Range to copy from the entries below: the line containing "Binance $4 USD" through the line containing "ELECTRIC FORKLIFT, LINDE, 2.0", inclusive. Retype only those lines, exactly, without any images.

---------- DATA SHOWN

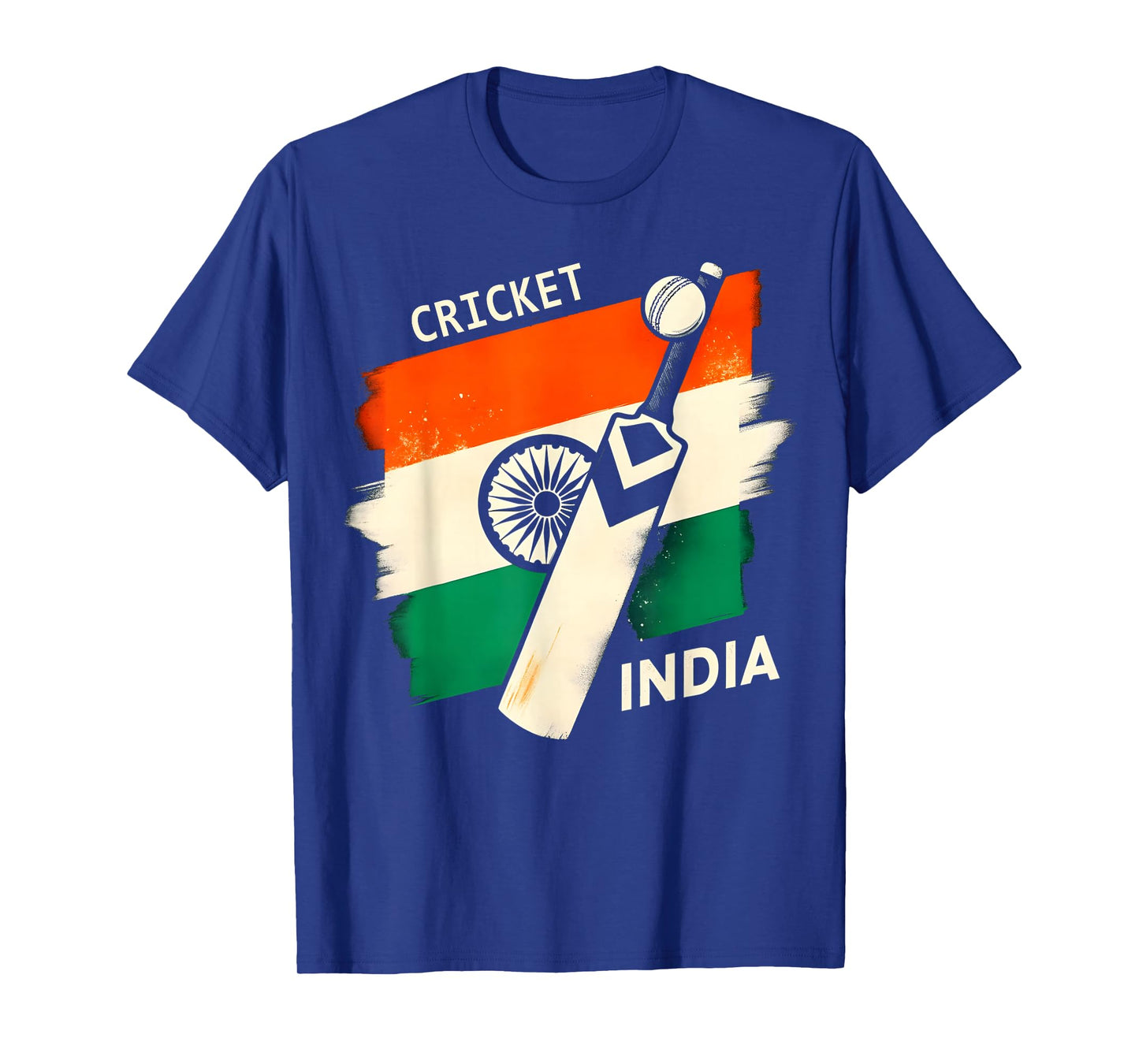India Cricket Jersey 2024, Cricket Flag of India Team T-Shirt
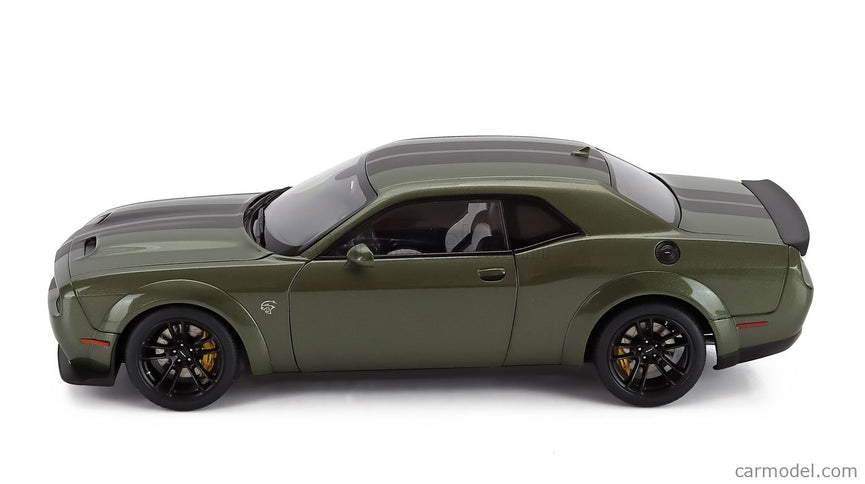 Dodge Challenger Srt Jailbreak Coupe 2022 1:18 AUTOart zelená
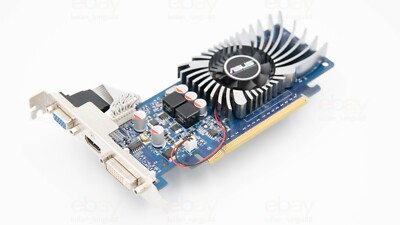 ASUS nVidia GeForce 210 (EN210/DI/512MD2(LP)) 512 MB DDR3 SDRAM Graphics card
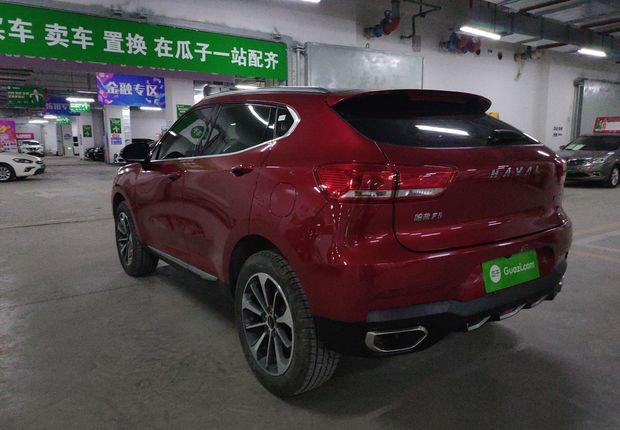 哈弗哈弗F5 2018款 1.5T 自动 i酷 (国Ⅴ) 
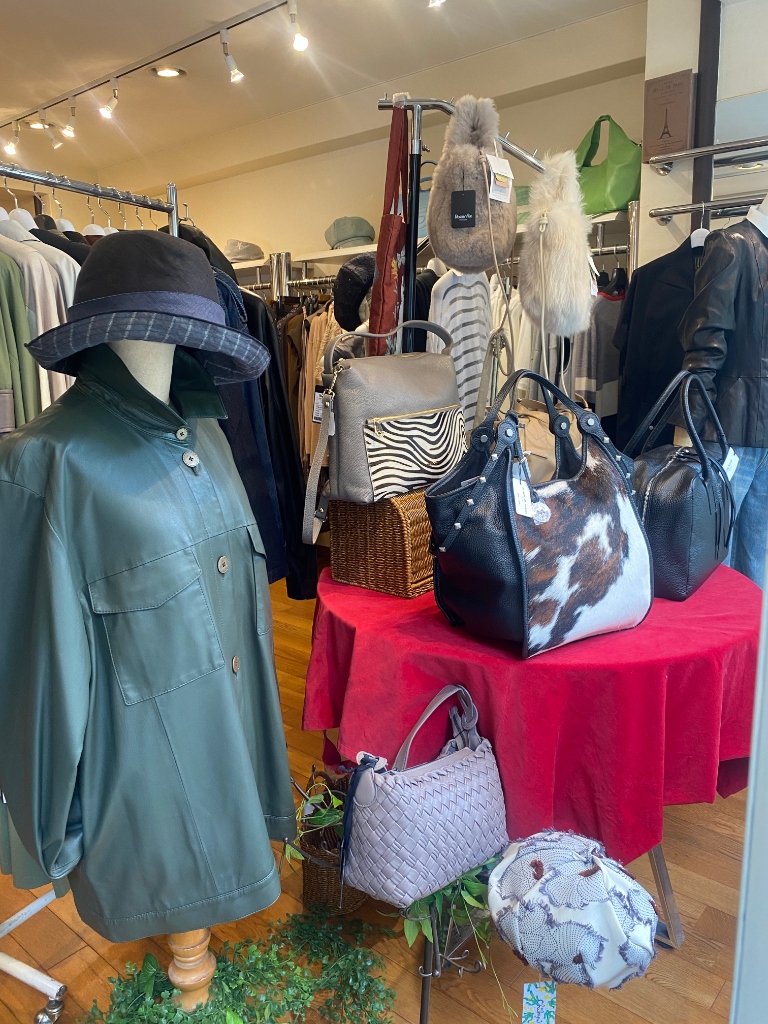 Spanish Leather and Curated Collection at Blendo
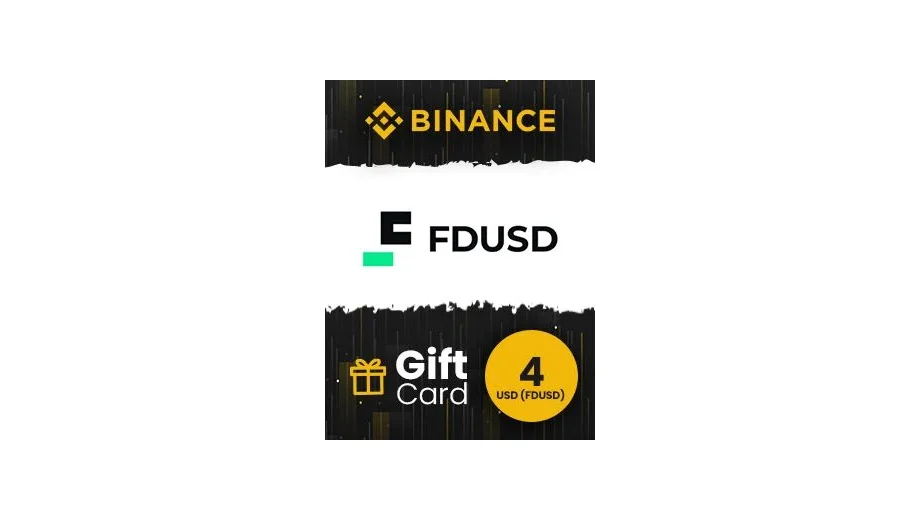 Binance $4 USD in First Digital USD (FDUSD) Crypto Voucher gallery image 2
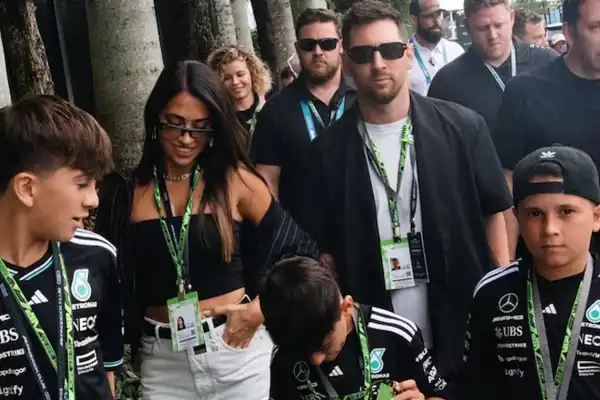¿Lionel Messi rompió un récord histórico de la Fórmula 1 sin correr una sola vuelta?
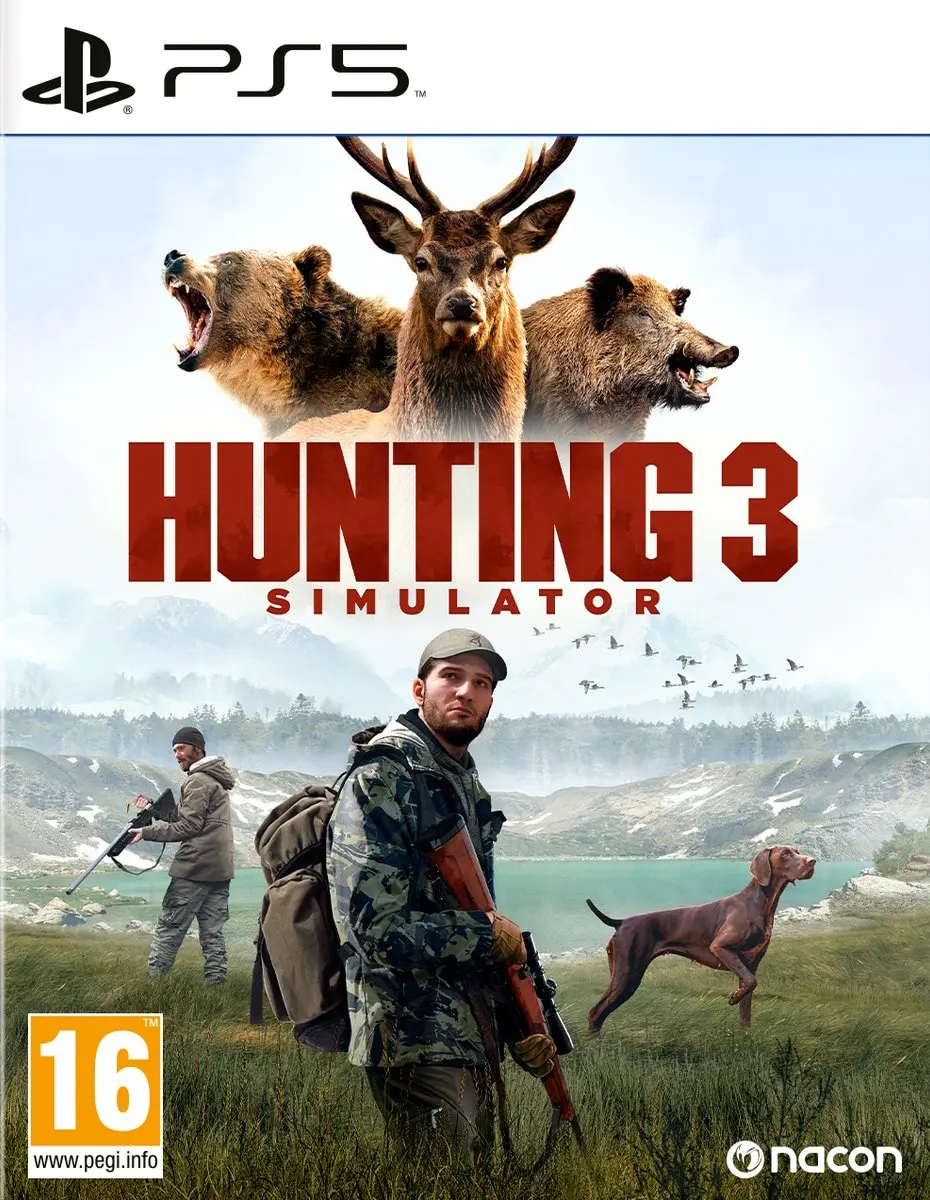 Nacon Hunting Simulator 3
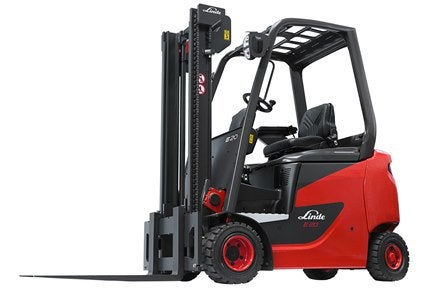 ELECTRIC FORKLIFT, LINDE, 2.0 TONS, MODEL: E20PH
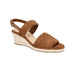 Bella Vita 5.5 / Cognac "Bella Vita Mariella Suede Sandal, Size 5.5, Cognac" .MSRP $85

--------------------

■ **SOLUTION FOR THIS TASK**:
 Binance $4 USD in First Digital USD (FDUSD) Crypto Voucher gallery image 2
¿Lionel Messi rompió un récord histórico de la Fórmula 1 sin correr una sola vuelta?
 Nacon Hunting Simulator 3
 ELECTRIC FORKLIFT, LINDE, 2.0 TONS, MODEL: E20PH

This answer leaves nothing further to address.